Starting at the first line of the data, print each line verbatim up to and including the line bearing "Blick auf die Kaiservilla", omitting pictures.

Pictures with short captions
-------

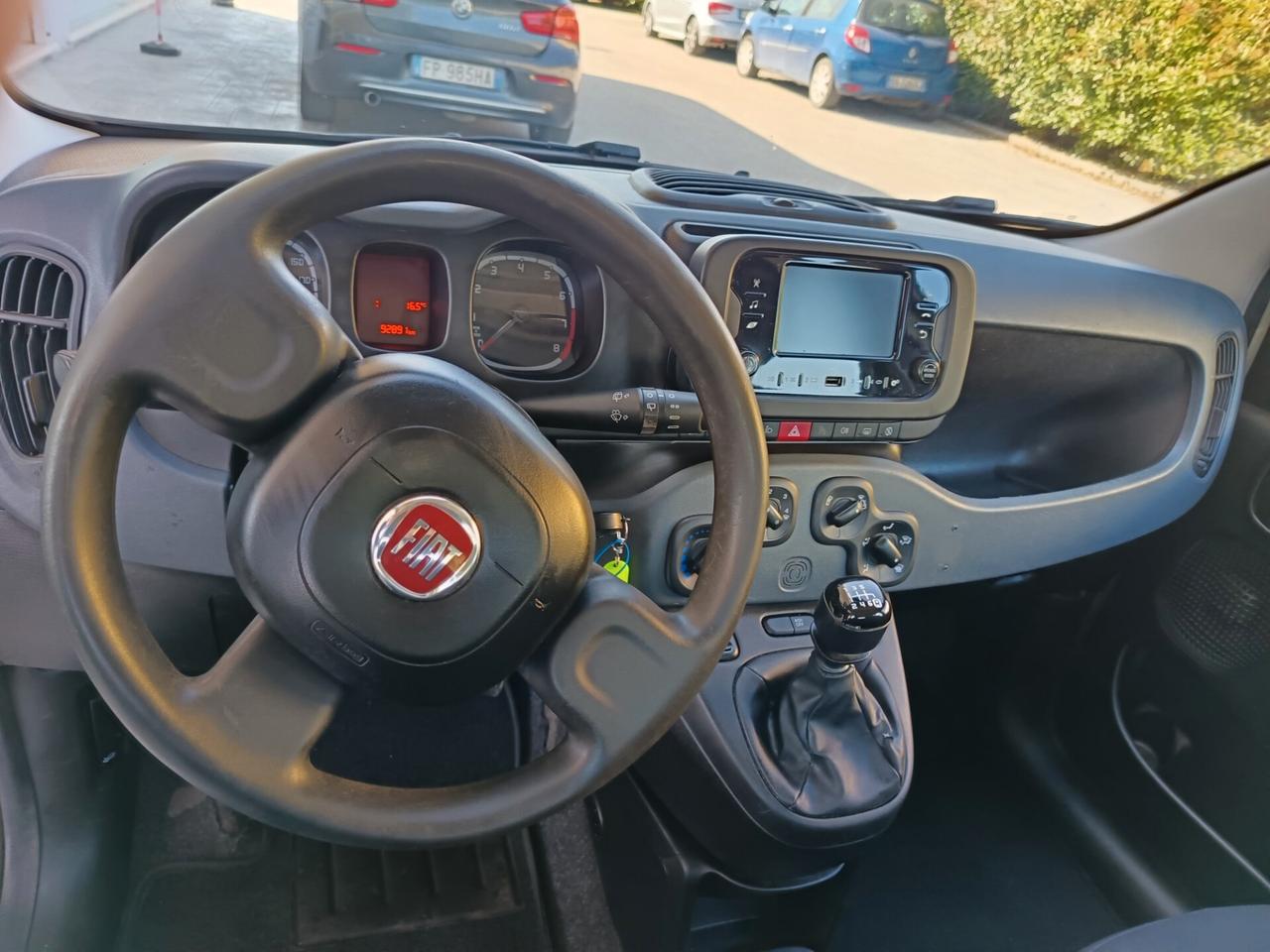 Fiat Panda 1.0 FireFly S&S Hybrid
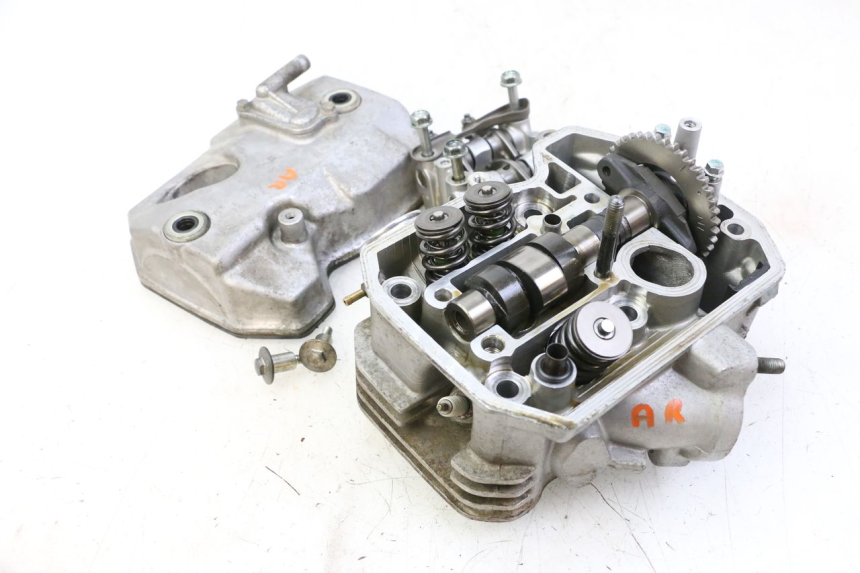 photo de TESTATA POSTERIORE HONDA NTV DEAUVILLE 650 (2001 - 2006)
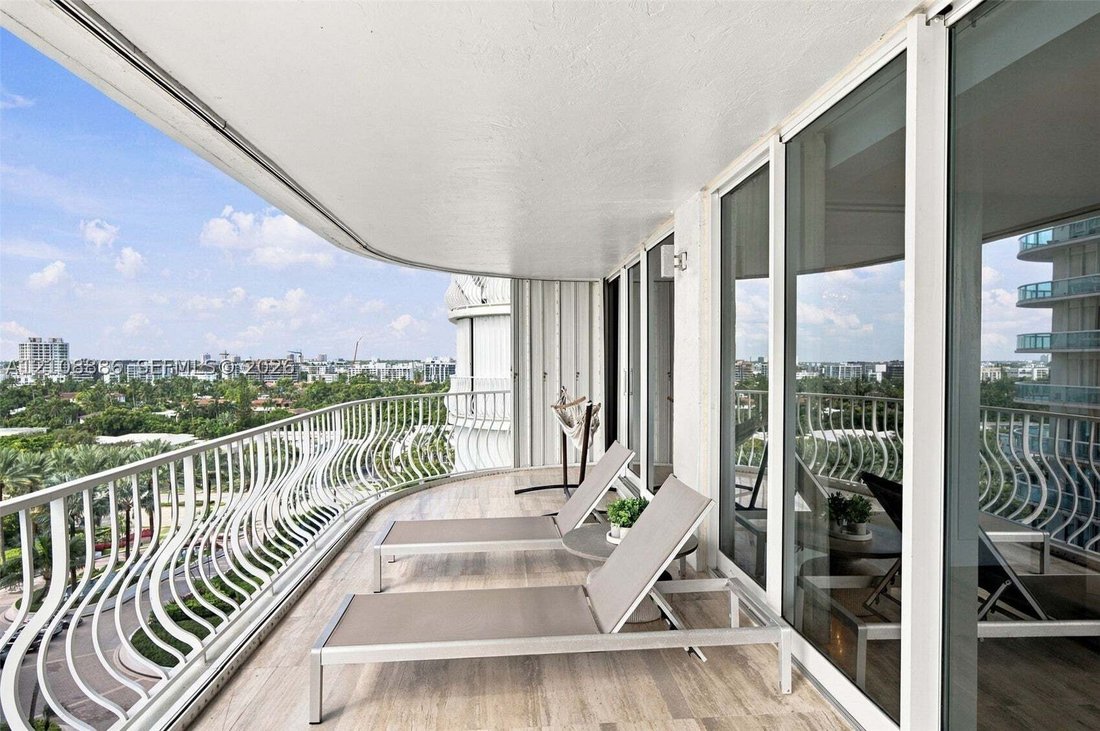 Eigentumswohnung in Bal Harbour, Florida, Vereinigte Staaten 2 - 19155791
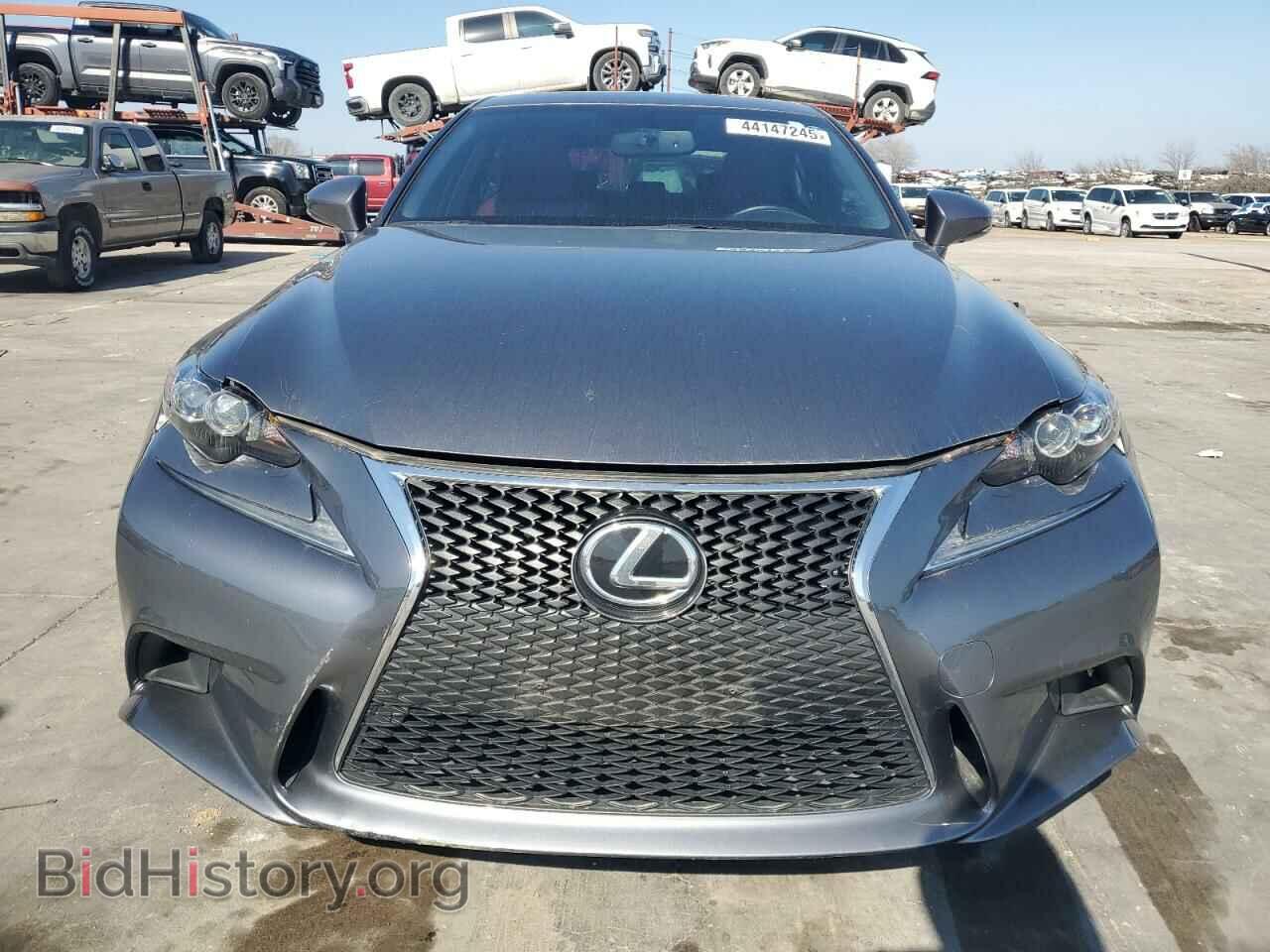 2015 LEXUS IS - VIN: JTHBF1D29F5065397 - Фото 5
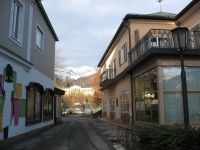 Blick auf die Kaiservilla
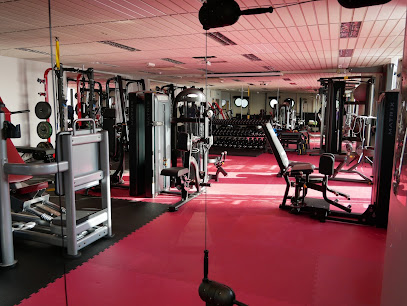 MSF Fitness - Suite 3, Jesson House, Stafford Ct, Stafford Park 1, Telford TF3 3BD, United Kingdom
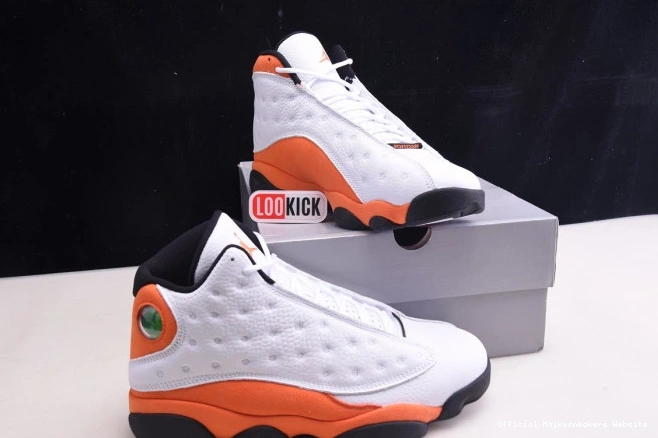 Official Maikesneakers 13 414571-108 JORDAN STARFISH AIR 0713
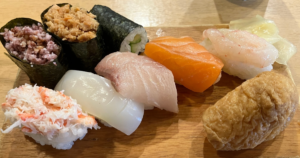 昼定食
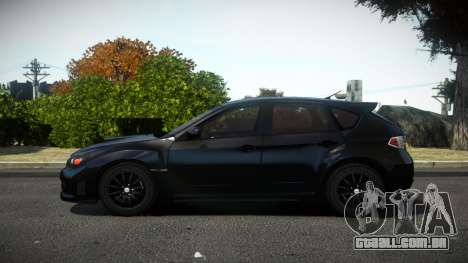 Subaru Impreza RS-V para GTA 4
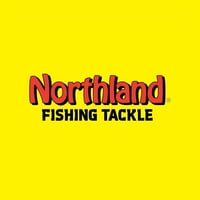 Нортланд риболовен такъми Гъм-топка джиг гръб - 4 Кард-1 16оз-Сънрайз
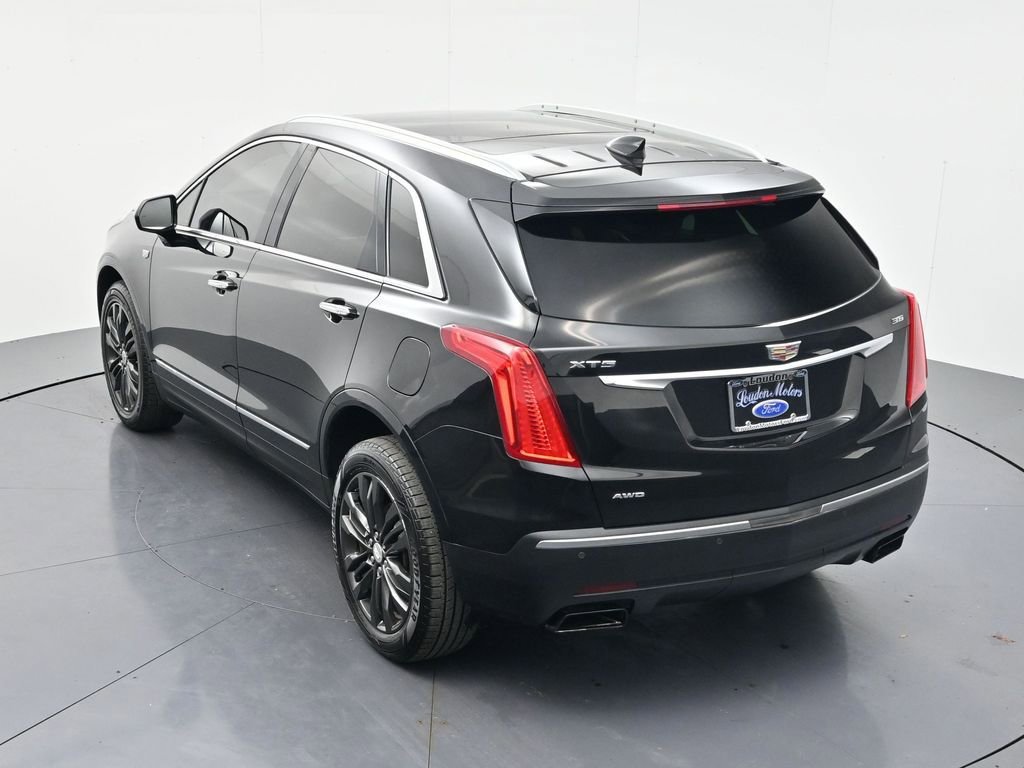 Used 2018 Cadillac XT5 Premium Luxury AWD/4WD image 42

-------

**Solution below**.
 Fiat Panda 1.0 FireFly S&S Hybrid
 photo de TESTATA POSTERIORE HONDA NTV DEAUVILLE 650 (2001 - 2006)
 Eigentumswohnung in Bal Harbour, Florida, Vereinigte Staaten 2 - 19155791
 2015 LEXUS IS - VIN: JTHBF1D29F5065397 - Фото 5
 Blick auf die Kaiservilla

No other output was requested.